Keputusan pembatalan itu diambil menyusul demonstrasi besar-besaran yang melanda "Pulau Dewata" dalam rentang waktu empat tahun lebih.
Mengapa proyek pariwisata yang menjanjikan tak kurang dari 200.000 kesempatan kerja di Bali ditentang keras sebagian besar masyarakat. Beberapa tokoh antireklamasi, di antaranya putri seorang anggota DPR, bahkan menyatakan dirinya siap "puputan", meneruskan tradisi perlawanan Bali pada 1906, 1908, dan 1946. Lontaran ini mesti dibaca arif.
Alasan penolakan itu amat sederhana: di antara para penentang memang ada yang mengatasnamakan ekologi, suatu perjuangan modern di tengah kerusakan lingkungan dunia.
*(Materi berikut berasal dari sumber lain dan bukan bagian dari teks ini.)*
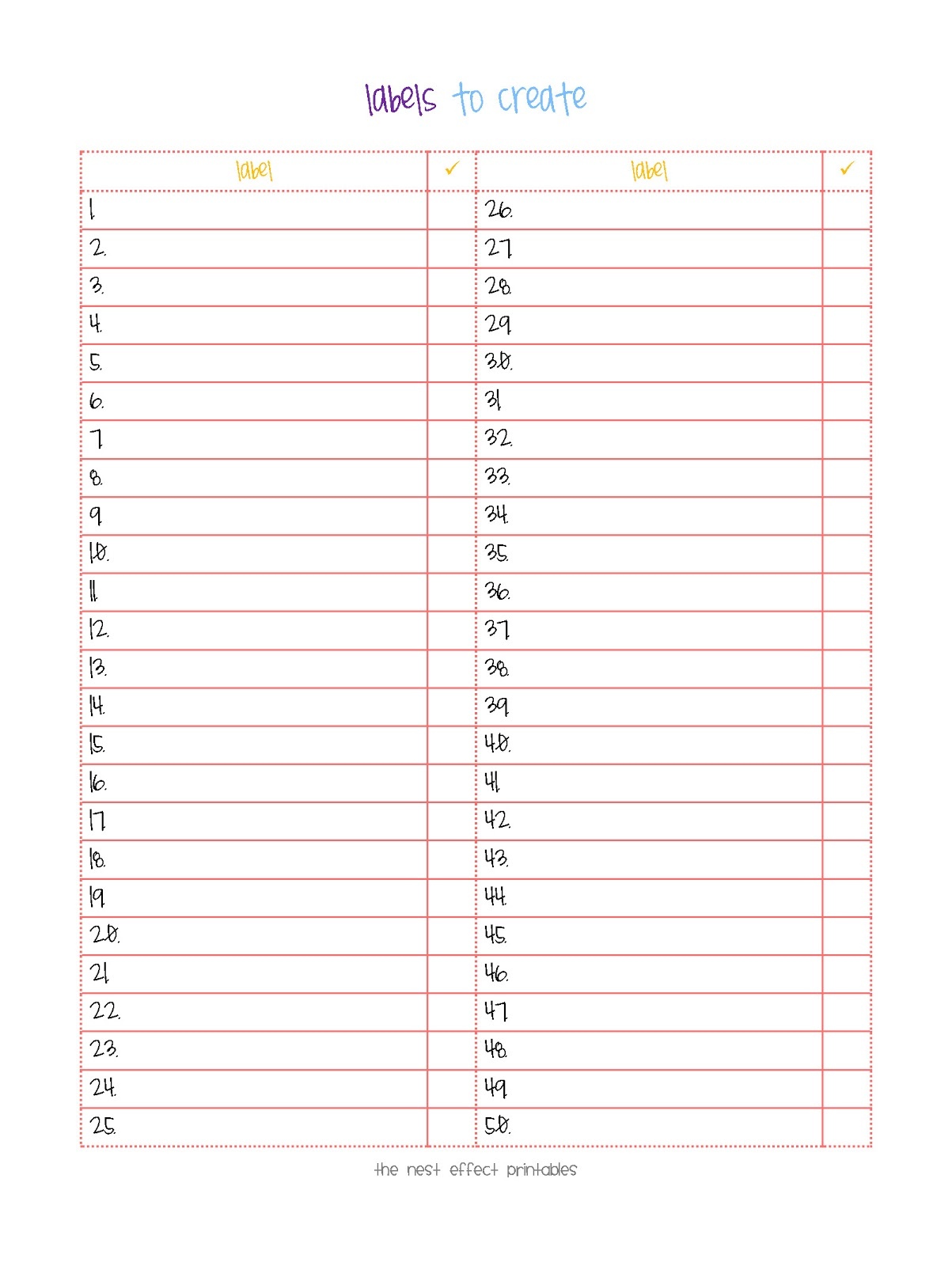 numbered spreadsheet template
Ada juga yang digerakkan apa yang disebut kesakralan kawasan Benoa—suatu perjuangan religius tradisional.
Tetapi, kenyataan mendasar ialah bahwa proyek tersebut mengancam keseimbangan keseluruhan tatanan sosial Bali. Mengapa? Bukankah ada janji? Konon 200.000 kesempatan kerja bakal terciptakan jika proyek itu rampung.
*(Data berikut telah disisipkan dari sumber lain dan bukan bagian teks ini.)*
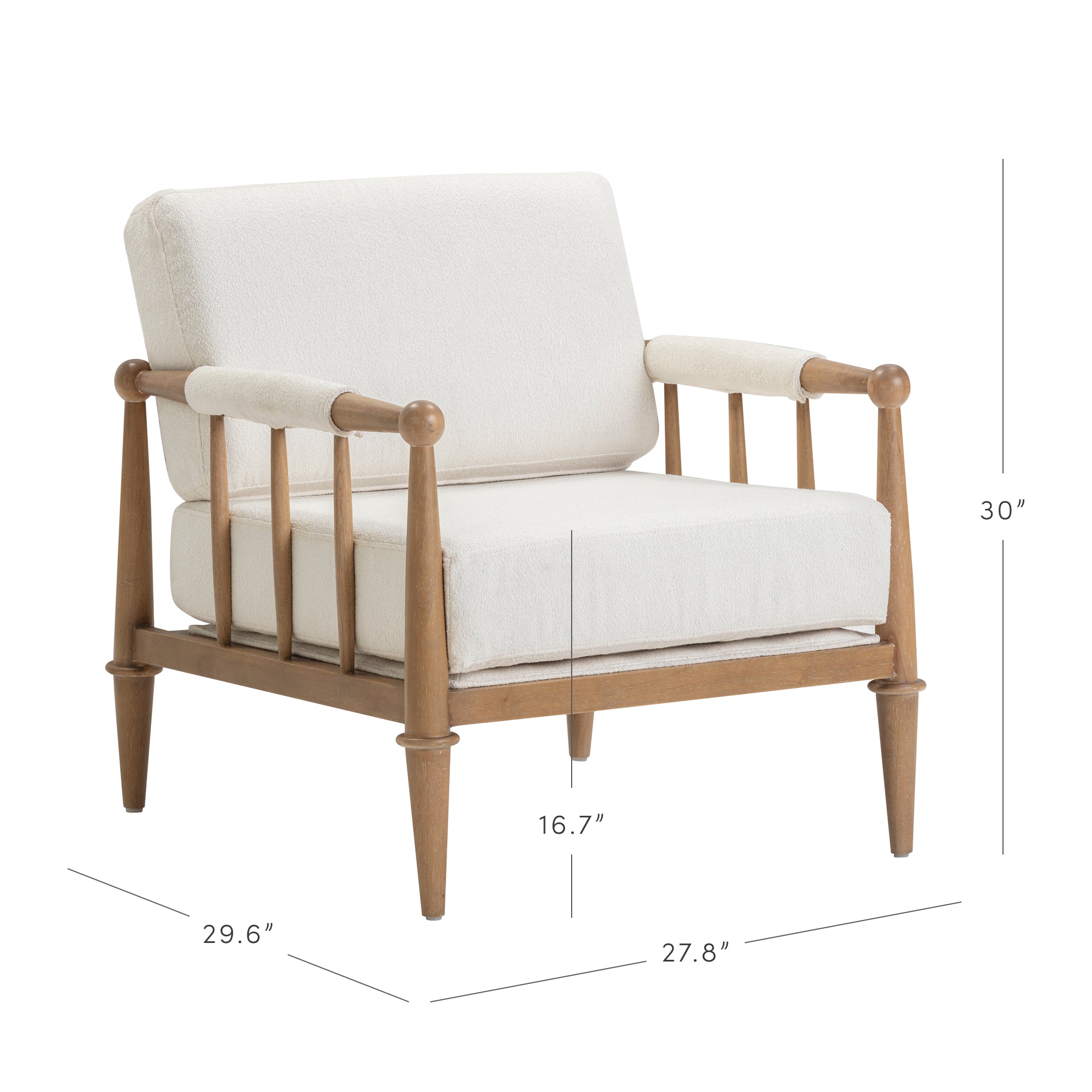 A wooden armchair with light beige cushions, spindle armrests, and tapered legs. Dimensions are 30 high, 29.6 wide, 27.8 deep, with a seat height of 16.7.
Namun, menurut perkiraan, Bali hanya mampu mengisi 30.000 di antara pos kerja tersebut. Di situlah masalahnya. Dengan menghitung anggota keluarga dan migran lainnya, tak kurang dari 1 juta orang non-Bali dapat diajak masuk untuk menempati posisi kerja yang disediakan.
Hal ini dengan sendirinya akan mengubah keseluruhan wajah politik, etnis, dan religius pulau. Sesuatu yang sulit dipaksakan pada masyarakat apa pun.
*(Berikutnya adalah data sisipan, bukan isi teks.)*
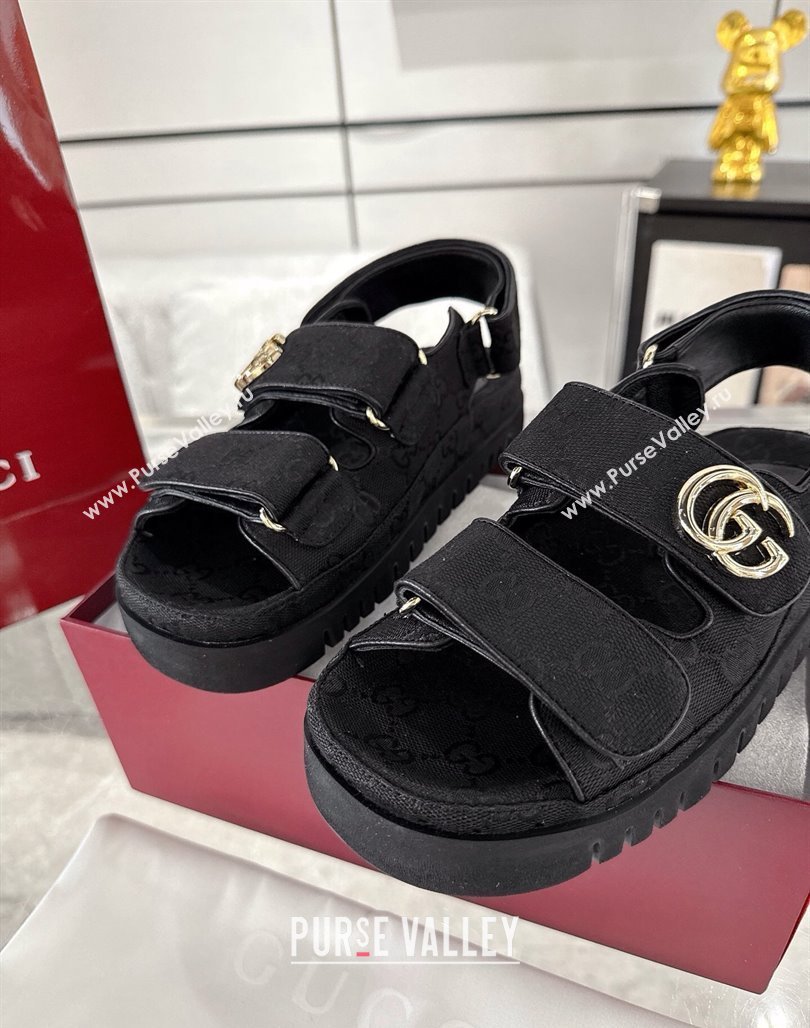 Gucci GG Canvas Strap Sandals with Double G Black 2025 ‎816630 (MD-250423102)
Kasus Bali ini mesti dilihat di dalam perspektif lebih luas, yaitu perspektif pembangunan kapitalistis modern. Tak tersangkal bahwa sistem kapitalis modern menciptakan sirkulasi modal, manusia, dan pengetahuan yang dapat memperkokoh kesatuan nasional. Bahkan, kini sudah diakui semua sejarawan: negara bangsa terlahir pada abad 17-18 dari institusionalisasi kapitalisme di dalam ruang geografis tertentu.
Namun, wujud konkret rasa berbangsa itu tidak sesederhana apa diduga orang. Peneguhan rasa berbangsa oleh kapital itu hanya terjadi jika kapitalisasi
cukup merata secara geografis dan etno-religius. Jika kelompok tertentu terlalu diuntungkan dan kelompok lain (kelompok etnis, kelompok tertinggal) sebaliknya tersisihkan, perluasan ruang kapitalisasi justru tidak mempererat hubungan berbangsa. Sebaliknya, justru memperlemah.
Indonesia adalah negara yang sudah "makan garam" dan semestinya mau belajar dari pengalaman pahit di Aceh bahwa "pembangunan" tidak akan berhasil jika tidak merangkul elite-elite lokal di dalam sistemnya.
Dari Sampit, Poso, dan kini Papua, negara tercinta ini
semestinya sudah juga belajar bahwa "pembangunan" yang menguntungkan pendatang (para manajer dan aneka ragam tukang) dan sebaliknya menyisihkan penduduk lokal (yang tertinggal dan berpendidikan rendah) cenderung menebarkan ketegangan dan konflik etno-politik.
Jadi, para teknokrat Jakarta lainnya semestinya menyadari, jika kapital itu bisa konstruktif serta menciptakan pengetahuan, keterampilan, dan kemakmuran, tetapi kapital juga dapat bersifat destruktif, bermuara pada konflik. Kapital itu bak kuda: tanpa pelana dan pecut, dia binatang liar. Dengan pelana, pecut, dan penunggang lihai, dia menjadi sekutu manusia paling disayangi.
Agaknya Bali cukup kuat, cukup berdaulat, dan disokong elite-elite cukup canggih untuk menolak ragam pembangunan kapitalistis yang dianggapnya mengancam jati diri. Tetapi, bagaimana dengan pulau-pulau di timur Bali yang direncanakan menjadi ladang investasi besar-besaran pariwisata tahun-tahun mendatang.